Le scocciava terribilmente essere chiamata col cognome di mio padre, e però si è dovuta rassegnare quando ho cominciato ad andare a scuola. Ma anche lì, si è sempre firmata anche col suo cognome.
Questa idiosincrasia di mia madre è passata anche a me. Anche se mi piace tantissimo il cognome di mio marito e odio il mio, non mi presenterei mai come "la signora A.". Ho in sommo orrore la burocrazia anglosassone, per cui da sposata "perdi" il tuo cognome e ti viene appioppato quello di tuo marito.

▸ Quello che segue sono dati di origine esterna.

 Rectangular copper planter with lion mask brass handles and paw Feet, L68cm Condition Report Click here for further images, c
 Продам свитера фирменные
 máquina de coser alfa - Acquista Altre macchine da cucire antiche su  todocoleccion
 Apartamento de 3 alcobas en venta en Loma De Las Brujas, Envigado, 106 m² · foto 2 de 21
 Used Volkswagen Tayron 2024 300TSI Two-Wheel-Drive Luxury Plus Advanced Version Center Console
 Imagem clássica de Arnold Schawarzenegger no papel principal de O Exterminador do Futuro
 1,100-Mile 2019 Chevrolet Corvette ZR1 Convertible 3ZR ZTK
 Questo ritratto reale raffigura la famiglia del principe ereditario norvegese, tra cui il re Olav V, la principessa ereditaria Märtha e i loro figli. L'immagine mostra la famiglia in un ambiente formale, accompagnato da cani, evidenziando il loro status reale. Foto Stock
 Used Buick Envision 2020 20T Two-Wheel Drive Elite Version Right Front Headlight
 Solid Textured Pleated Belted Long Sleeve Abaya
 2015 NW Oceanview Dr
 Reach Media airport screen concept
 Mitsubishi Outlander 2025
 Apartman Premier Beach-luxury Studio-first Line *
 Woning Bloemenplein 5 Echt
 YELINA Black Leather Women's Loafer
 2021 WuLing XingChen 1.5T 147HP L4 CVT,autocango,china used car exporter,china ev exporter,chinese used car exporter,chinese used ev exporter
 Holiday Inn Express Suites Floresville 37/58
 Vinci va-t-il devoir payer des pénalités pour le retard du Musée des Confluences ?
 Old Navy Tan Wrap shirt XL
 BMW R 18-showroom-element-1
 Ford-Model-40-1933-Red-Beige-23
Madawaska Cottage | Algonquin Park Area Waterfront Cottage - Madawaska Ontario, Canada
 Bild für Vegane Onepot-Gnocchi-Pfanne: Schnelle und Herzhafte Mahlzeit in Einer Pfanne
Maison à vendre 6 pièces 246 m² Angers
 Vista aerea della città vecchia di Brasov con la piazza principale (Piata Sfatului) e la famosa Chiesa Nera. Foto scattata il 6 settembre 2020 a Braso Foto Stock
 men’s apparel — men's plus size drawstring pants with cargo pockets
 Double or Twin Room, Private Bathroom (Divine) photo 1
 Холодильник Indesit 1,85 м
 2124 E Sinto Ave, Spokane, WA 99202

Poi però vai all'università e vedi docenti di ruolo che si presentano col cognome del marito, quasi come se fosse un vanto o come essere se stesse non fosse abbastanza. Conosci persone che si presentano come "mogli di" prima ancora di dire il proprio nome (e ci sta, se sono in condizioni di conoscere tuo marito, ma magari dimmelo dopo il tuo nome). Ma trovi anche persone che non si mettono la vera perché, per colpa della retorica della "moglie di", gli pare di esibire un trofeo.
Io la vera la porto. È di oro bianco, anonima. Dentro c'è scritto il nome di Luca e la data del nostro matrimonio. A pensarci bene, avremmo potuto metterci la data del nostro anniversario "vero", ma chisse. Non è un trofeo, è una coperta di Linus. Non serve a ricordare agli altri che sono sposata, serve a ricordarlo a me. Mi ricorda che non sono sola, nel bene e nel male. Mi ricorda che ho scelto di amare e di essere amata, con tutti i vincoli e i comfort.
La mia vera non dice cosa sono: dice chi sono. Chi ho deciso di essere.